Why was it important to you to incorporate your Korean roots into Nowon's concept and menu?
Korean-American stories are unique. When I go to Korea, Koreans look at me as if I am an American, and in America, Americans see me as Korean. Where do we fit in? I can tell this story in my restaurant through food, drinks, and music.
Since movement is part of your routine, do you have a favorite piece of BY to work out in?
I love the Spacedye Freefit shorts and Featherweight Muscle Tank. How does this feel like I am not wearing anything, but I am?
If someone is looking to shift their habits like you did, do you have any advice for them?
I say physical change happens gradually, but your mindset must change first. With the right mindset, you can achieve your goals.
You must have pretty long days as a chef! How do you take care of your mind and body in order to be at your best for your team and customers?
To be honest, taking care of my mind and body has been more of my priority the last two years. I’ve quit drinking completely and that has changed my life. I train Muay Thai four times a week and lift weights as well. I also eat pretty healthy, my fiancé helped me with that because she loves eating vegetables.

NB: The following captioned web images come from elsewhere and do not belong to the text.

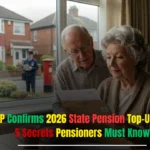 DWP Confirms 2026 State Pension Top-Up Plan: 5 Secrets Pensioners Must Know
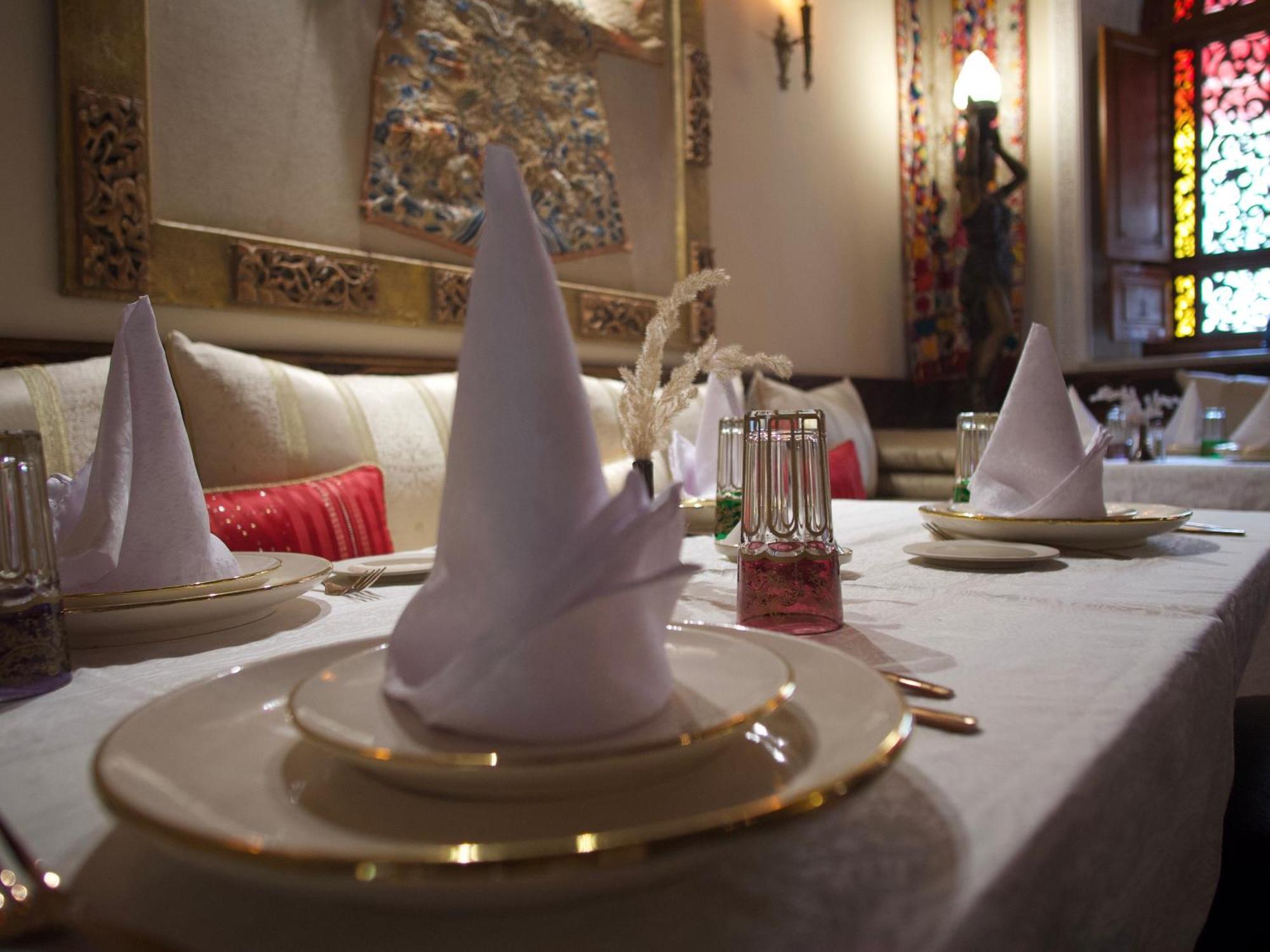 Sillage Palace Sky & Spa Маракеш Екстериор снимка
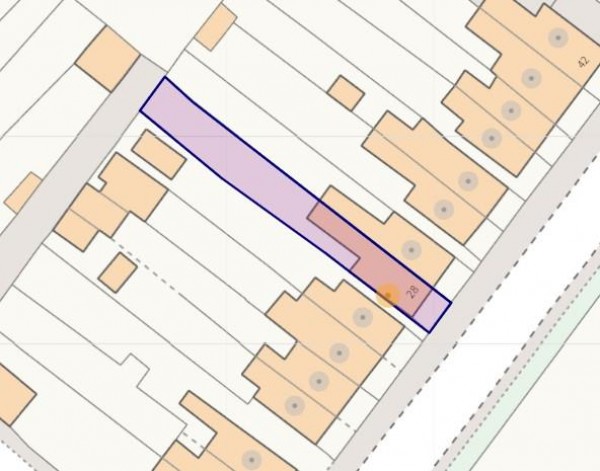 Floorplan for Clowne Road, Stanfree, Chesterfield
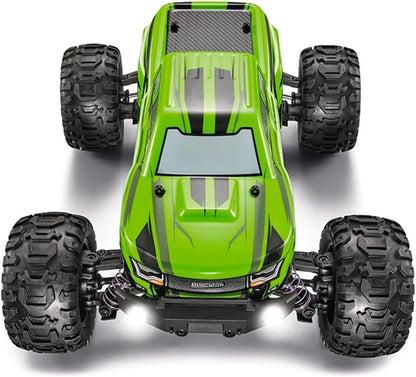 Blackzone – Slyder MT Turbo 1/16 4WD 2S Brushless – Green (540200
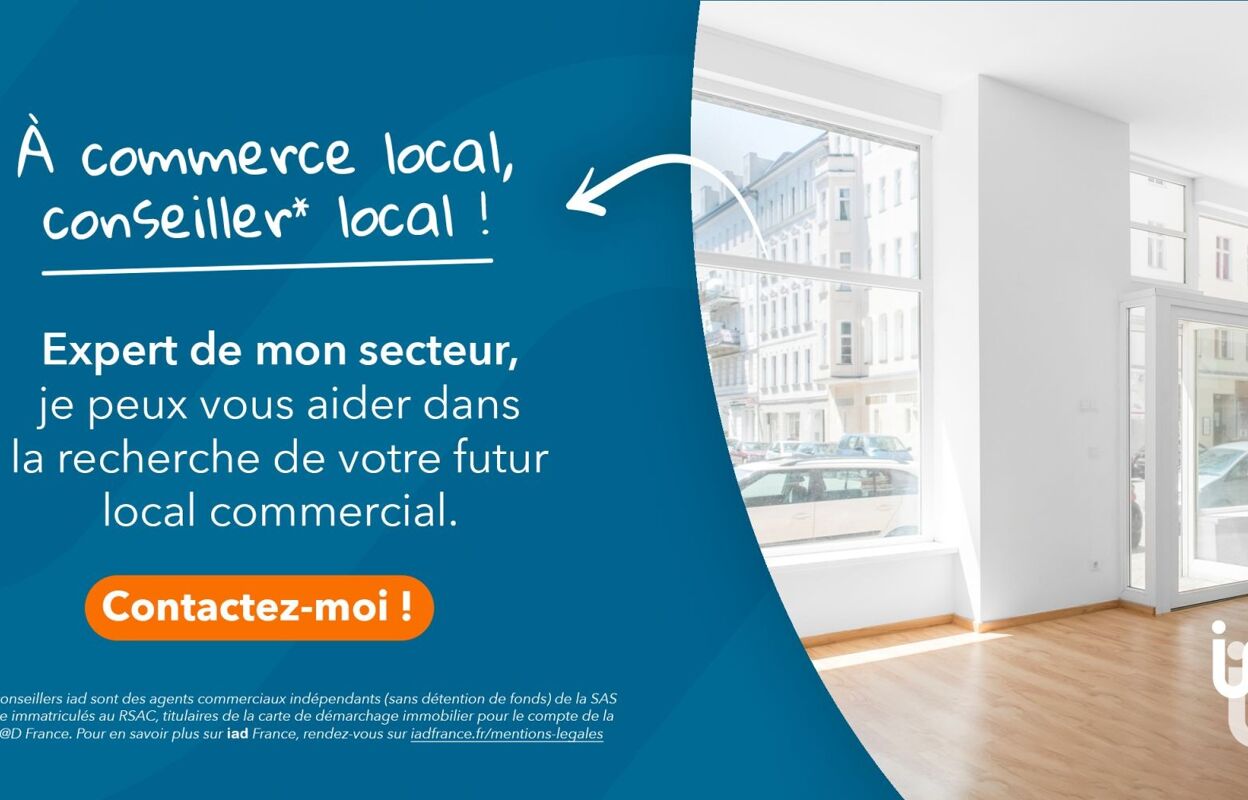 commerce  pièces 314 m2 à vendre à Villeparisis (77270)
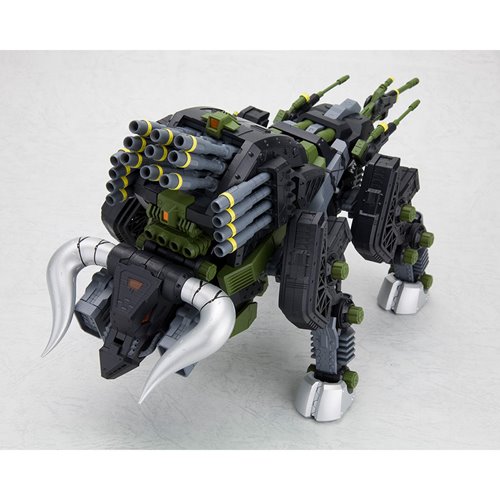 Zoids Highend Master Model RBOZ-006 Dibison Marking Plus Version 1:72 Scale Model Kit - ReRun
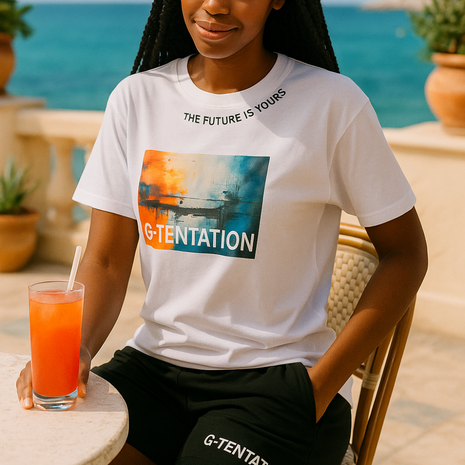 T-Shirt - FUTUR IS YOURS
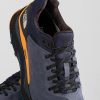 Calzado de montaña Intersport The North Face M VECTIV EXPLORIS FUTURELIGHT LTHR Hiking Shoes Vanadis Grey Aviator Navy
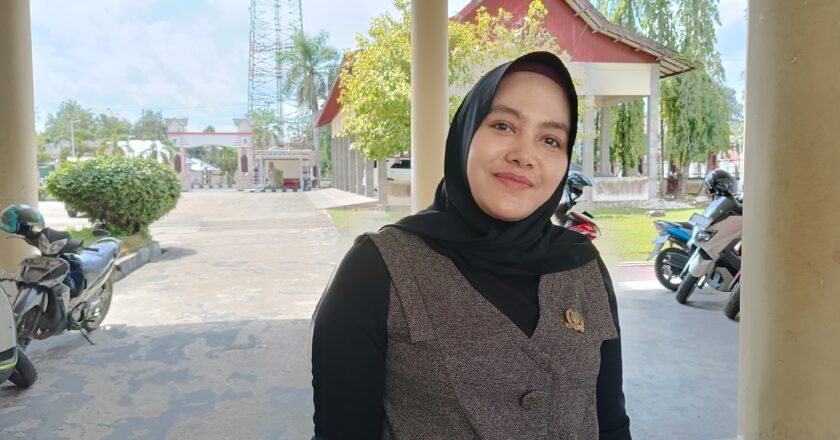 Anggota DPRD Barsel Apresiasi Pemkab Gelar Sejumlah Lomba Meriahkan Hari Jadi Kabupaten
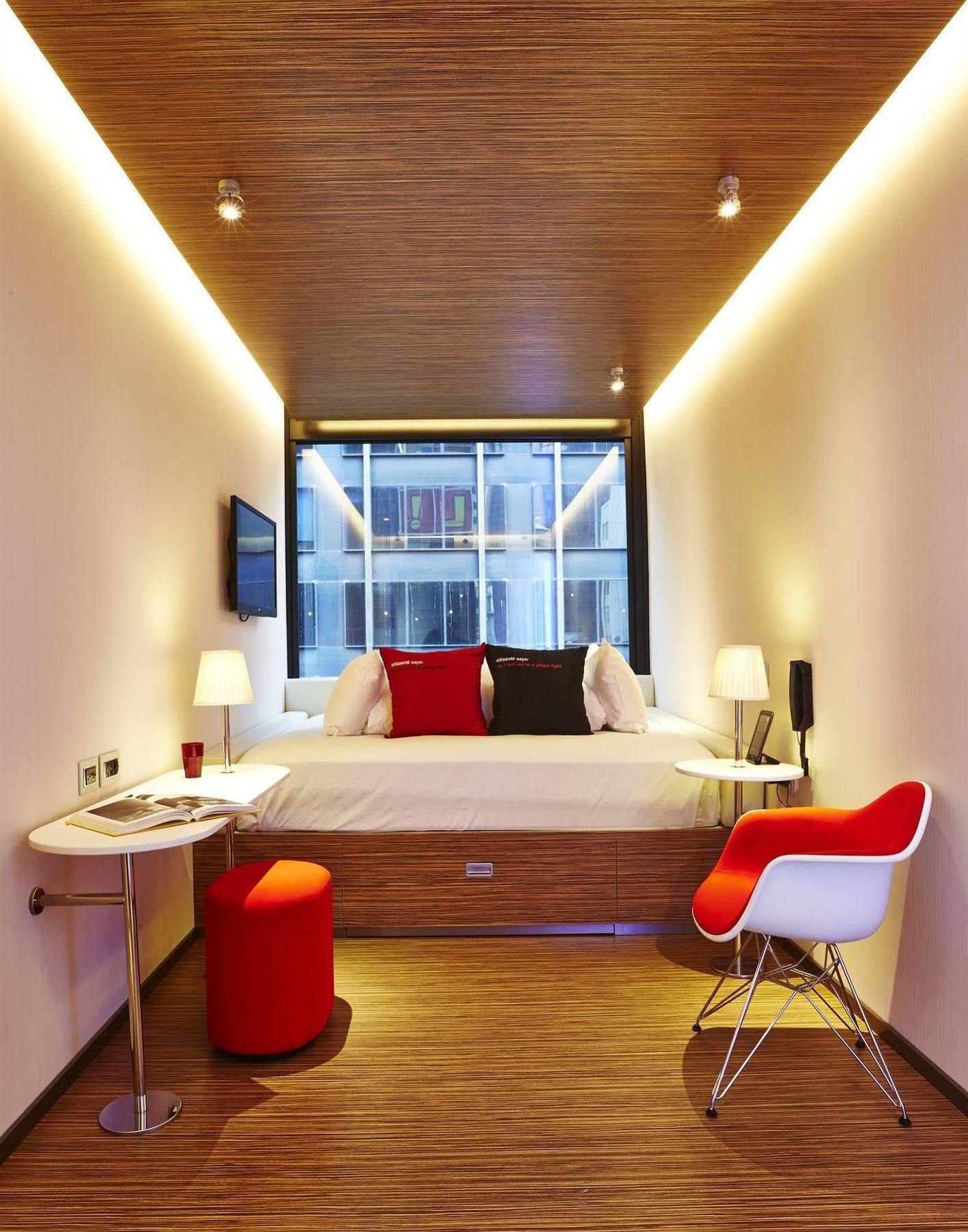 Citizenm New York Times Square Hotel Exterior photo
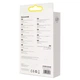 Кабель Baseus Crystal Shine Series USB to Lightning 2.4A 1.2м (CAJY000003) Blue - зображення 12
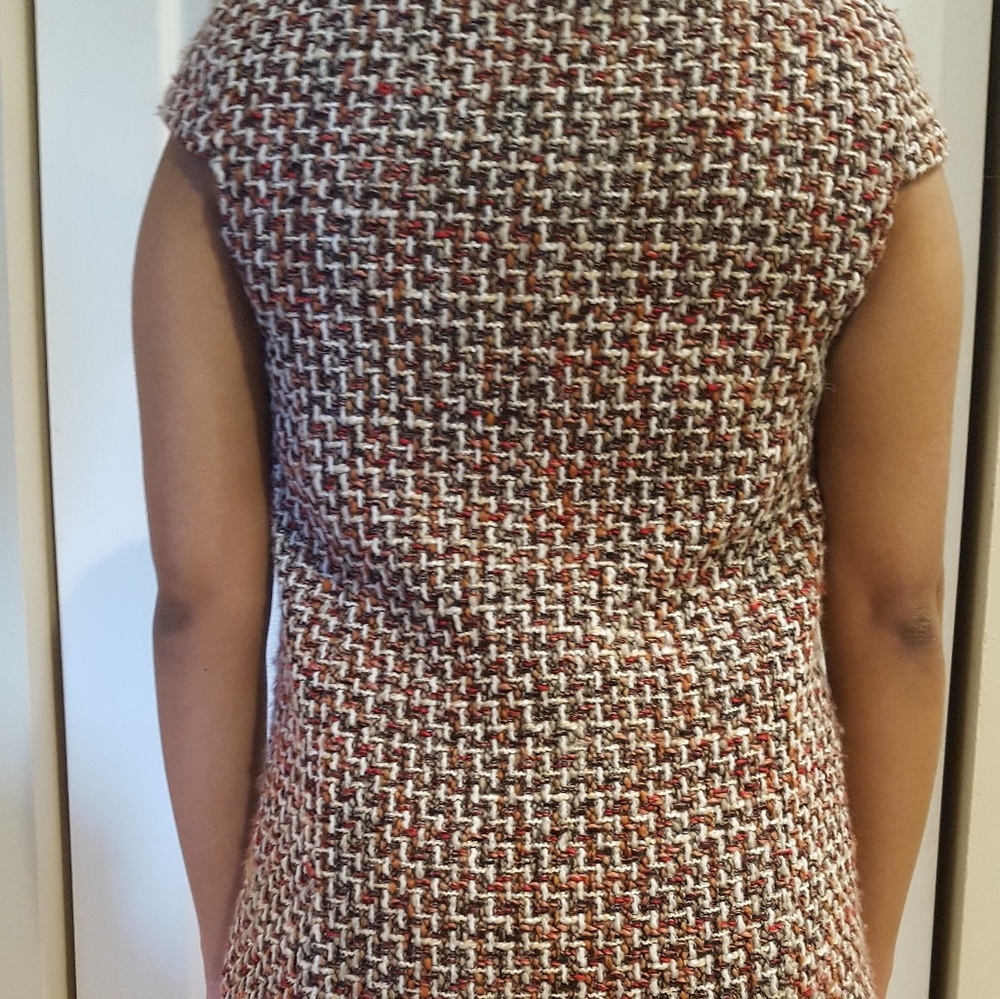 Benetton wool dress - Picture 3 of 4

Comfort is everything to us as a brand, so let’s talk about comfort food. What’s your favorite comfort food to make? What’s your favorite comfort food to eat?
My favorite comfort food to cook and eat is instant ramyun with spam and an egg. That, with a side of ripened kimchi, and I am golden. Efficiency is always the goal.
We love your dish videos from Nowon. Do you have a favorite recipe for Fall to share?
I love our chopped-cheese rice cakes. Chopped Cheese is a sandwich birthed from Harlem and Rice Cakes is a street food staple in Korea. I blend the two and make rice cakes that taste like chopped cheese. You can find the recipe here: Korean Chopped Cheese Recipe (vice.com)
Anything exciting coming up—whether for you personally or for Nowon—in the next couple of months, that the BY community can be on the lookout for?
I am getting married in February 2023! I am also working on another Nowon concept to open sometime in 2023. Fingers crossed!